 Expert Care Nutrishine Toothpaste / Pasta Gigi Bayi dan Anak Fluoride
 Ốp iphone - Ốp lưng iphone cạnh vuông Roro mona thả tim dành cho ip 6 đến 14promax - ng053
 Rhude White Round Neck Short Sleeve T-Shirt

+===+

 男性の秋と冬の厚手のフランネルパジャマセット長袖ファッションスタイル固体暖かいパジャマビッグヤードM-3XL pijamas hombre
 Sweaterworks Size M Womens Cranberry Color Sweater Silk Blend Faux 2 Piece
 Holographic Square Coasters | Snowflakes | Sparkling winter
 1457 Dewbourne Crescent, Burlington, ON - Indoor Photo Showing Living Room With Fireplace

+===+

## Task:
Start with the line above that contains "Expert Care Nutrishine" and end with the line that contains "Rhude White Round Neck Short Sleeve T-Shirt". Write out those lines exactly, and only those.

## Output below:
 Expert Care Nutrishine Toothpaste / Pasta Gigi Bayi dan Anak Fluoride
 Ốp iphone - Ốp lưng iphone cạnh vuông Roro mona thả tim dành cho ip 6 đến 14promax - ng053
 Rhude White Round Neck Short Sleeve T-Shirt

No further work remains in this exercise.